# AIM OF THE TASK
Your response should contain exactly the lines running from the one with "Rhodium Brass Ring" to the end of the data below, both included, and no pictures.
START EXTRACTED RECORDS
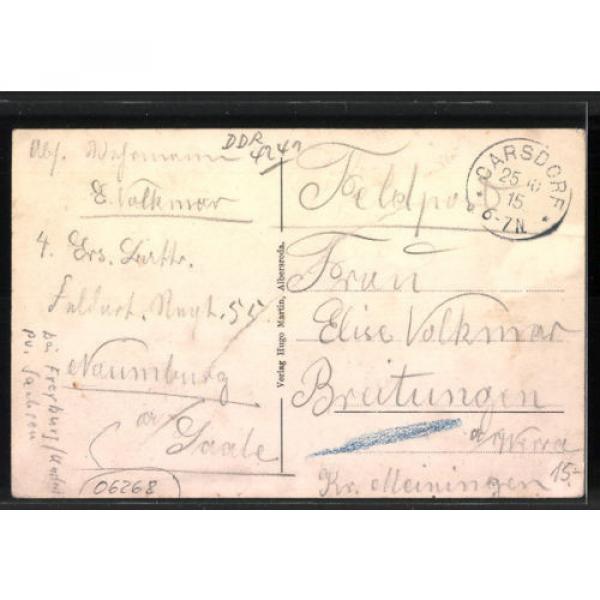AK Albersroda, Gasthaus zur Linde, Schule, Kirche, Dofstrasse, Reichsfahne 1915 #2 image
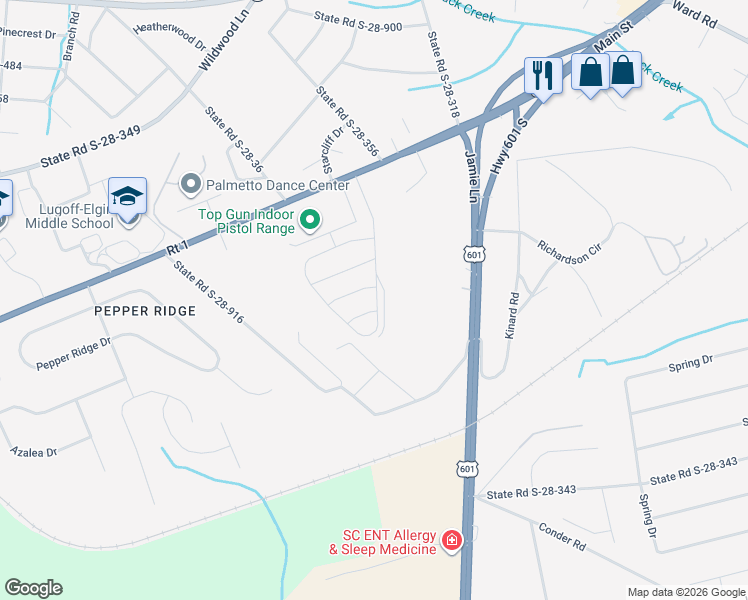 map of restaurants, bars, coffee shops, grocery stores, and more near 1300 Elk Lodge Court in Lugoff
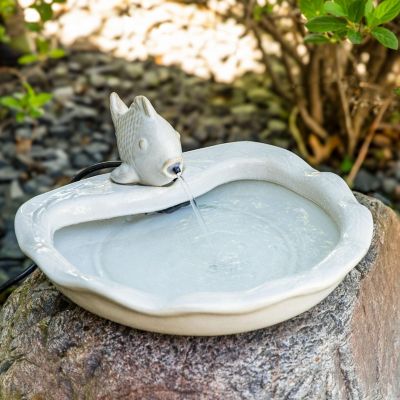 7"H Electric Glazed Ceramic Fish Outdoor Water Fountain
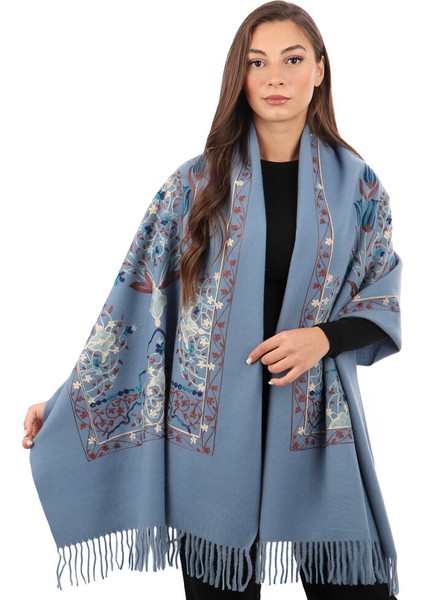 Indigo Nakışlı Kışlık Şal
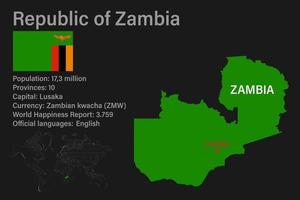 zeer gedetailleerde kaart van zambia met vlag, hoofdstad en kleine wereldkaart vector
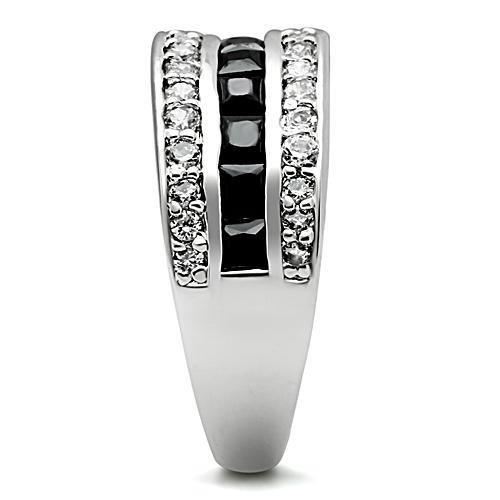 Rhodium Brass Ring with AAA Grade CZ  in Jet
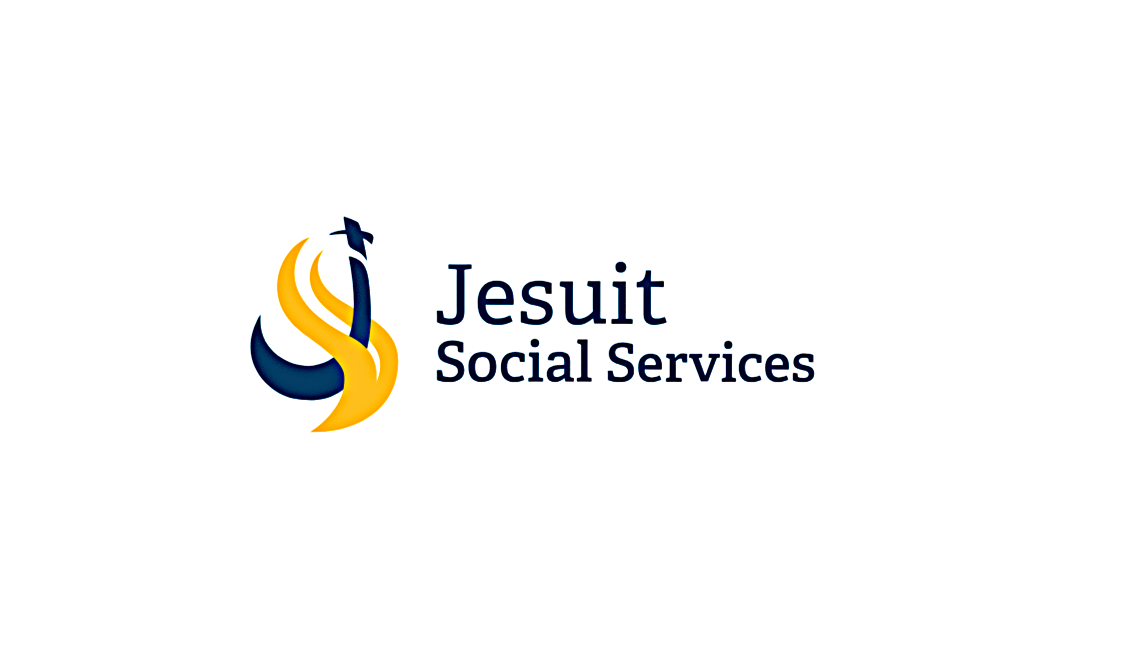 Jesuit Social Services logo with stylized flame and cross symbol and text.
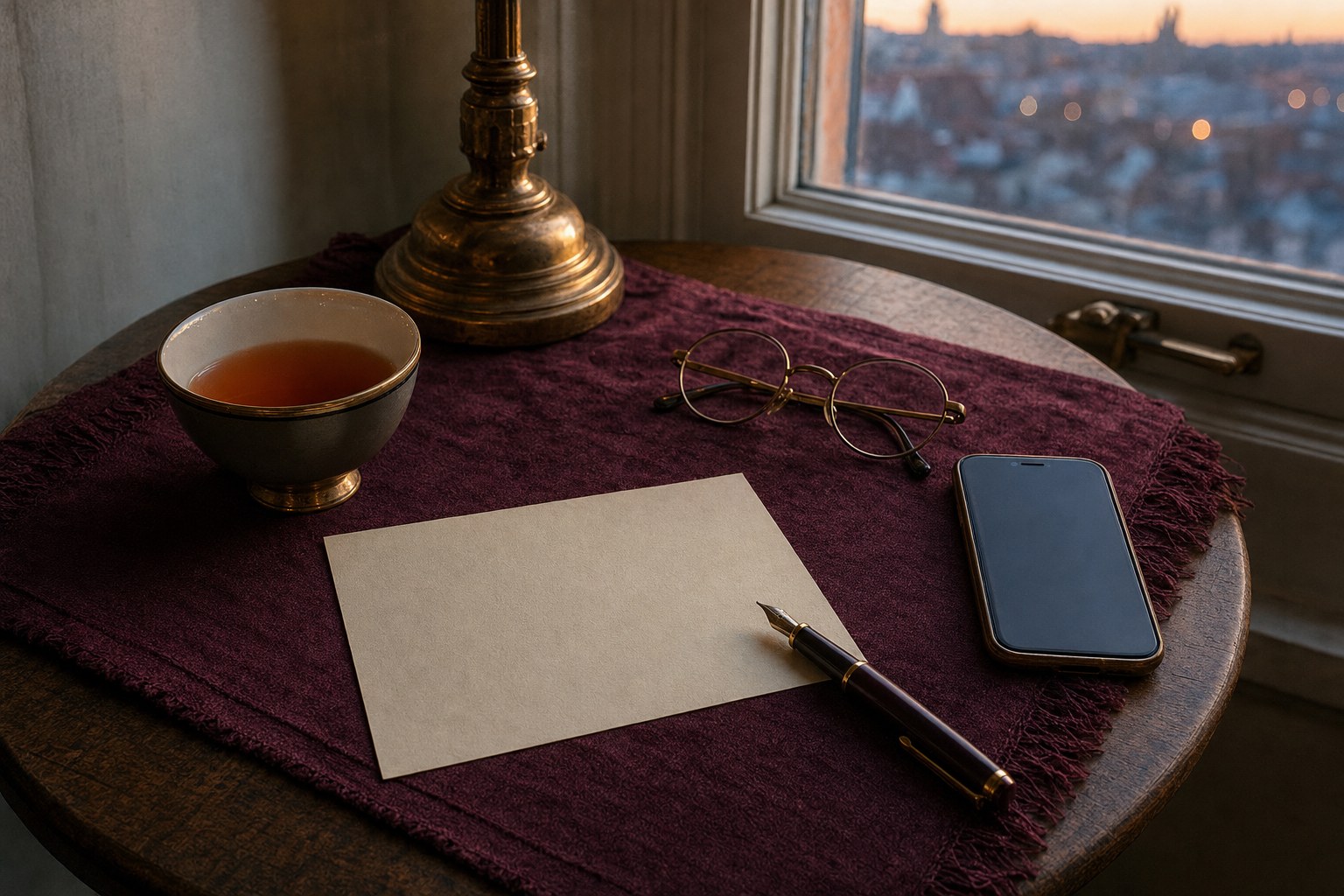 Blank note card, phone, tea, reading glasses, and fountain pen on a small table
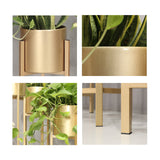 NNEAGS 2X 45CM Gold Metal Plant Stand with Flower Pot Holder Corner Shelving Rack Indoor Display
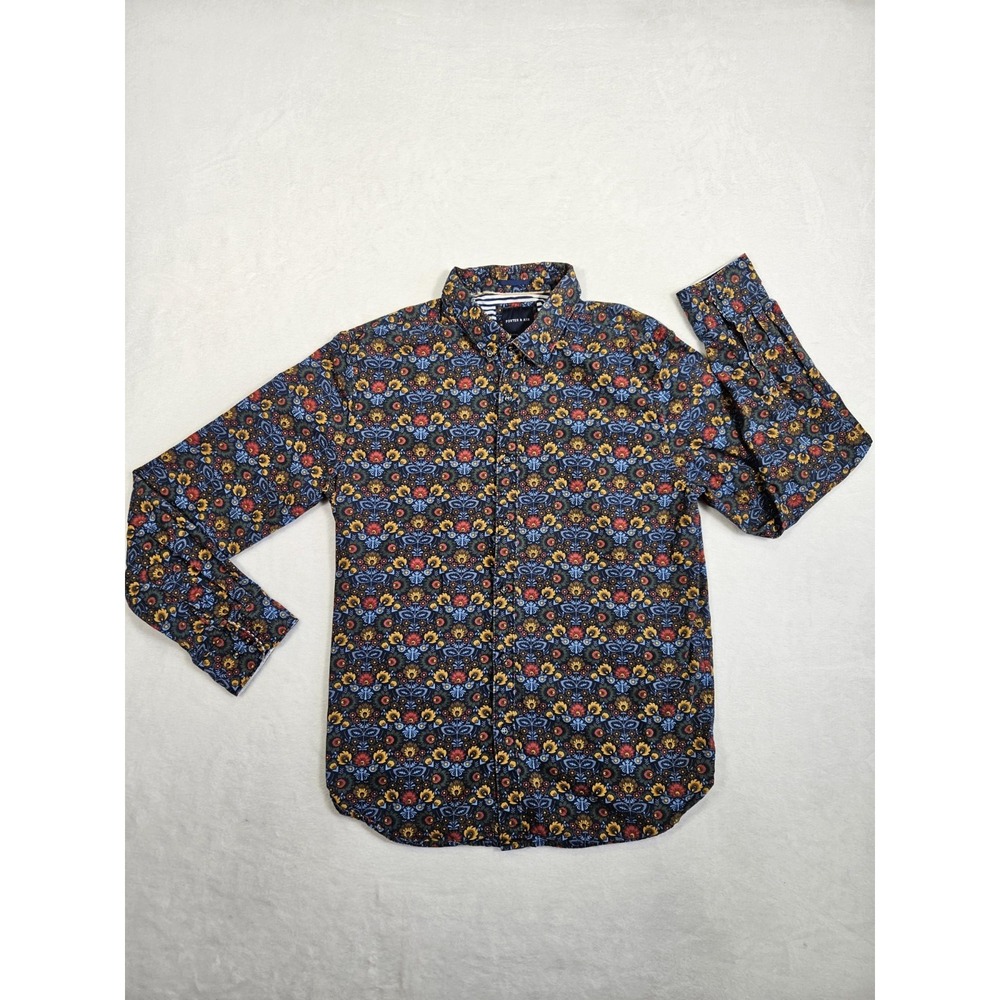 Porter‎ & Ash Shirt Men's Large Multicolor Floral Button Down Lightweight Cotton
END EXTRACTED RECORDS
# RESPONSE BOX
 Rhodium Brass Ring with AAA Grade CZ  in Jet
 Jesuit Social Services logo with stylized flame and cross symbol and text.
 Blank note card, phone, tea, reading glasses, and fountain pen on a small table
 NNEAGS 2X 45CM Gold Metal Plant Stand with Flower Pot Holder Corner Shelving Rack Indoor Display
 Porter‎ & Ash Shirt Men's Large Multicolor Floral Button Down Lightweight Cotton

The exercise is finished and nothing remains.